= Édgar Silva =

Costa Rican journalist (born 1967)

Édgar Silva (born Édgar Arturo Silva Loáiciga in October 1967 in Liberia, Guanacaste, Costa Rica) is a Costa Rican journalist who works for Teletica, the largest TV station in Costa Rica.

He is known for been the major referent of journalism of his country.

His major role in the station since November 1998 has been co-hosting daily-morning show "Buen Día" with Adriana Durán, as well as hosting the New Year's-coming show "El Chinamo" for the last couple of years.

== Early life ==
Silva spent his childhood in the city of Liberia, in the northwestern province of Guanacaste. He attended Ascensión Esquivel Elementary school during first grade, and John F. Kennedy Laboratory School from second until sixth grade where he finished his elementary education.
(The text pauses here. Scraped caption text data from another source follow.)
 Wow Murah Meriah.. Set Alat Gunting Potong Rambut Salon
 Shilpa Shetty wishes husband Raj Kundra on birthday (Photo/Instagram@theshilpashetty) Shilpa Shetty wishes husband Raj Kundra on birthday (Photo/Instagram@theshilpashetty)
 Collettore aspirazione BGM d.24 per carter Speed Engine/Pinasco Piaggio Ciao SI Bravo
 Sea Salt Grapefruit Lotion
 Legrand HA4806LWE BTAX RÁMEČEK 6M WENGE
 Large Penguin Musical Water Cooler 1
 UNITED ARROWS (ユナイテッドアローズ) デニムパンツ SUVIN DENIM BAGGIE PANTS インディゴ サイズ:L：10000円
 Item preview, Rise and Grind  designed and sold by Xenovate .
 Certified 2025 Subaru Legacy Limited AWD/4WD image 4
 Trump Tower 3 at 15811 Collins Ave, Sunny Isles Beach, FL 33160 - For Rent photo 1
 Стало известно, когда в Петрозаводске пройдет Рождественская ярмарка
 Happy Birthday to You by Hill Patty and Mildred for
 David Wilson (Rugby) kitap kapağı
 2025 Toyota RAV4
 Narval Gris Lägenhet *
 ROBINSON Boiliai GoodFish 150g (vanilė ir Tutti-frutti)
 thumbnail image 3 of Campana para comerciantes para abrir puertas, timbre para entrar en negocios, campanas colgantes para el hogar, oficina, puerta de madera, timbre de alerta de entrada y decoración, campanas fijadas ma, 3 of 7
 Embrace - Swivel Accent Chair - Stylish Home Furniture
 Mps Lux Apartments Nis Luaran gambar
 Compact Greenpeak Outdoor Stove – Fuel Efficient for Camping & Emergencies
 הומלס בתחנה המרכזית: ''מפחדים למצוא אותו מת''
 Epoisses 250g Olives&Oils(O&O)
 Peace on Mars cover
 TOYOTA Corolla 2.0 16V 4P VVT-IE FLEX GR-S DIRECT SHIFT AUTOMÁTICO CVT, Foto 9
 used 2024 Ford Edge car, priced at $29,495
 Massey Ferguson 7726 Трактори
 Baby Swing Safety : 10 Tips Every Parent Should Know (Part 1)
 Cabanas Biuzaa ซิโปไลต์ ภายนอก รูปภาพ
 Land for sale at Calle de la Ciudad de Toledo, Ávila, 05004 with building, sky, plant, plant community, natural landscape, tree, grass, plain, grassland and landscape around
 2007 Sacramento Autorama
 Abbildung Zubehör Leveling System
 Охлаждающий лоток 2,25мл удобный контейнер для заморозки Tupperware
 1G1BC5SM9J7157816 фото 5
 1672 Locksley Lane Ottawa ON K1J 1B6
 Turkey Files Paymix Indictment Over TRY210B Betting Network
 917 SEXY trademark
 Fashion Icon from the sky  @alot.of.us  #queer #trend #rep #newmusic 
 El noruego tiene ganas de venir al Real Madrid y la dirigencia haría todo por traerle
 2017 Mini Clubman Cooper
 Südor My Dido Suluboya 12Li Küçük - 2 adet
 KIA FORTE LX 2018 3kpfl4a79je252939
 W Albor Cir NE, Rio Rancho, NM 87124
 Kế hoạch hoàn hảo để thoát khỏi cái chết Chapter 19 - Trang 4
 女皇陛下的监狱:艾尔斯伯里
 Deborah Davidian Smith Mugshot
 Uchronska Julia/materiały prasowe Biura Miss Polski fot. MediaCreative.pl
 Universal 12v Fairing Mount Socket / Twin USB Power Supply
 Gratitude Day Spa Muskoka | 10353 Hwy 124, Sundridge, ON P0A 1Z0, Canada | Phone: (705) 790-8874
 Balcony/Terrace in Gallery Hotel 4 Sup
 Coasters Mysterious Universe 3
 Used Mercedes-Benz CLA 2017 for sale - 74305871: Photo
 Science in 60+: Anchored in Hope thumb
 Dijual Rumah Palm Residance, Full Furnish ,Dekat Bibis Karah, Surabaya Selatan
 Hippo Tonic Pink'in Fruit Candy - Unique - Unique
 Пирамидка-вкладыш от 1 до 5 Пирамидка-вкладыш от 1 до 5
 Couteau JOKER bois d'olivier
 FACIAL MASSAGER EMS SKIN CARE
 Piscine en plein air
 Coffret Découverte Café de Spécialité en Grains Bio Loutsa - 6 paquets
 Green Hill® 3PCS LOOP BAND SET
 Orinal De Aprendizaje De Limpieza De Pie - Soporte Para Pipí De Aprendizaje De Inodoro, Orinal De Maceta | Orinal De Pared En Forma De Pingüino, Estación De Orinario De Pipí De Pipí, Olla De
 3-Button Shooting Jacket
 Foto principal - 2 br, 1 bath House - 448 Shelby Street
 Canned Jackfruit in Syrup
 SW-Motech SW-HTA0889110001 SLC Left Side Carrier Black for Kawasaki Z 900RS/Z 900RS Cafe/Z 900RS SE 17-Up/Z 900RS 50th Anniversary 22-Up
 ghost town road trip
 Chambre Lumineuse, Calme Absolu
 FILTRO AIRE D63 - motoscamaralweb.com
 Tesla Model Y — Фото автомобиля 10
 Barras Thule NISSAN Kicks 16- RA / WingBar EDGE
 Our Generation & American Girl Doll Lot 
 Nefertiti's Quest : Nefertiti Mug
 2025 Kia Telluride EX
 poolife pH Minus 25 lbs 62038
He attended Liberia Laboratory Liceum during his high school years.

==Journalism in Costa Rica==
After graduating from high school, Silva moved to San Jose to study at the University of Costa Rica, where he graduated with a BA in Journalism. Even before graduating, he worked as a reporter for the TV show "En Vivo at 5", and since 1991 as a news reporter for Telenoticias.

Whilst working for Telenoticias he covered many different subjects: politics, economy, legislation, community support and important events, although he is better known for his documentaries as well as his role as an entertainment reporter. During 4 years he interviewed many known artists such as Ricky Martin, Alejandro Fernández, Gloria Estefan, Julio Iglesias, Yuri, Chayanne, Manuel Mijares and many others, both in Costa Rica and other countries. Germany, Spain, Peru, Guatemala, Honduras, Nicaragua, Panama as well as most of the United States, are some of the countries he has visited along his reporter career with Teletica.

He covered the Limon earthquake in 1991, the kidnapping of the Supreme Court magistrates, and the Presidential elections of 1994, 1998 and 2006, normally sent to report from. Since 1992, he has been in charge of the coverage of all space flights in which Costa Rican-American astronaut Franklin Chang-Díaz had participated. He also reported the arrival of Pathfinder space vehicle to Mars from United States. Other assignments include the Annular Eclipse on December 14, 2001 broadcast live from Nosara Beach, Guanacaste. Conduction of the Miss Costa Rica 2004 beauty contest alongside Mariamalia Jacobo was praised by the entertainment media.

Silva has received many awards in his career as a journalist, such as the "Best Documentary for Central American Television" prize given by Florida International University in 1992. ACAN-EFE has honored him for different special reports in 1992 and 1997.

Edgar Silva, married Karla Montero in April 2001. He currently resides in Heredia but he often visits his hometown, Liberia, to visit his mother. He has said to support "Municipal Liberia", Liberia's soccer team in the Costa Rican National Soccer Championship.